The Monday Book falls on a Tuesday this week due to Celtic Festivals and kitten spays.

suiteIrene Nemirovsky was a Ukranian-born Jewish woman who lived in Paris and enjoyed a successful writing  career. She planned five short novels to be part of a book titled Suite Francaise, but she had only written two and drafted the third when she was rounded up, deported, and murdered.

What’s amazing about the first novel “Storm in June” is how accurately it describes something ongoing. Nemirovsky never got the luxury of time to contemplate what she saw, so her characterizations of the upper class family, the pompous writer, the sweet middle-class couple, and the nasty antiques dealer fleeing (or trying to flee) Paris sprang almost fully formed as she watched it unfold in front of her. I wonder who (or how many) of her colleagues she skewered in the darkly hysterical portrait of the famous author and his mistress as they flee, first in pomp and style, then with whatever diminishing wits they can gather about them.

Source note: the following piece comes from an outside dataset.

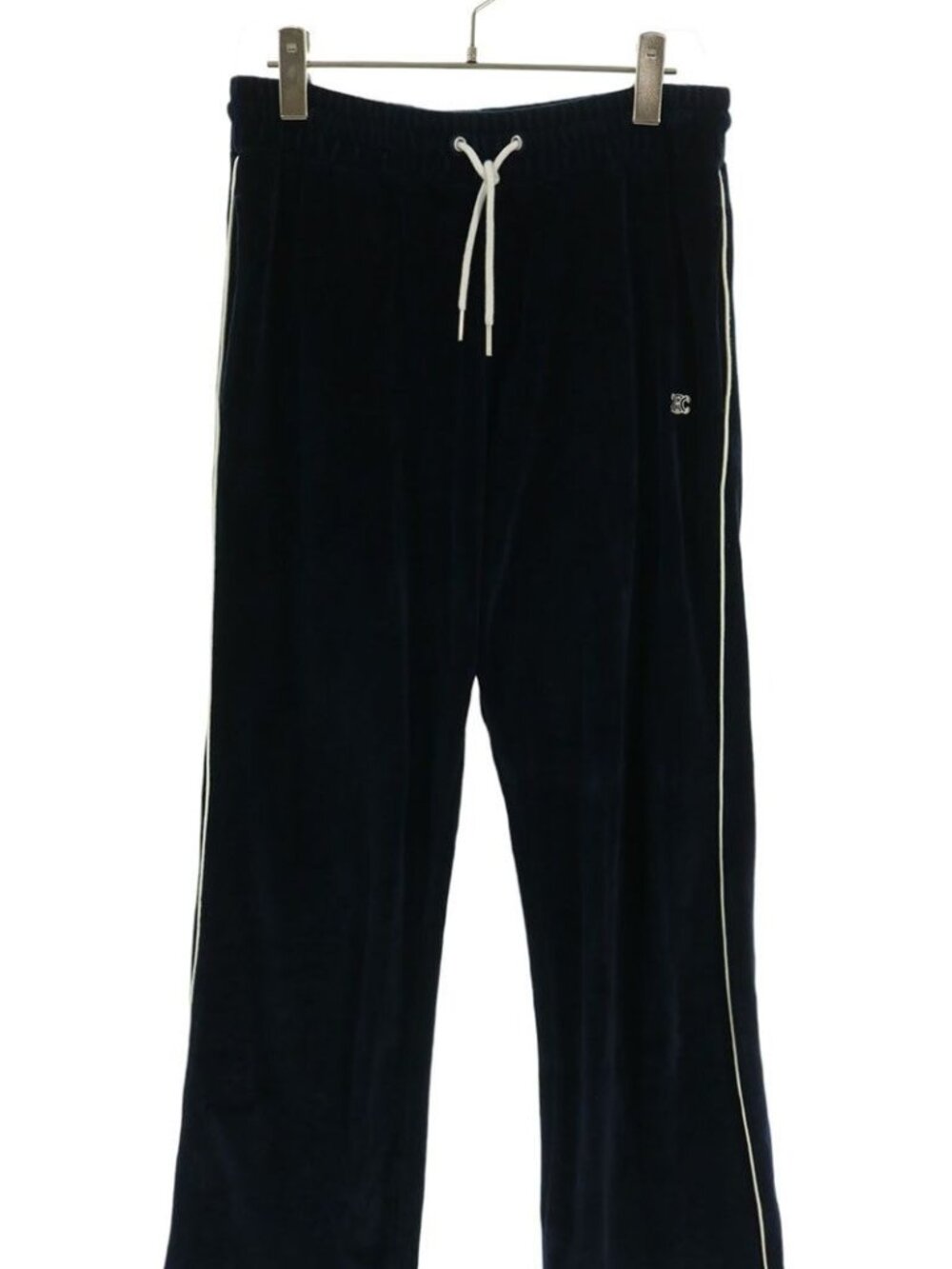 Celine Triomphe Velvet Track Long Pants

Then there’s “Dolce,” from which a film is/has been made. It’s more of an expected war story: women whose husbands are prisoners in Germany house German officers as occupiers; add community sentiment and stir. It’s fairly predictable. But “Storm in June” is amazing in its details of what human hearts turn into when combined with fear, breakdown of social order, and a few sudden chances to change everything. Nemirovsky saw through a lot of veneers.

The manuscripts were finally published in this century, when her daughter opened the suitcase and read them, realized they were novels rather than journals, and sent them to Denoel, a large publishing house. “Storm in June” is pretty much genius, making you laugh and sob at the same time.

How many people did we lose in that storm, who would have made us laugh or cry today?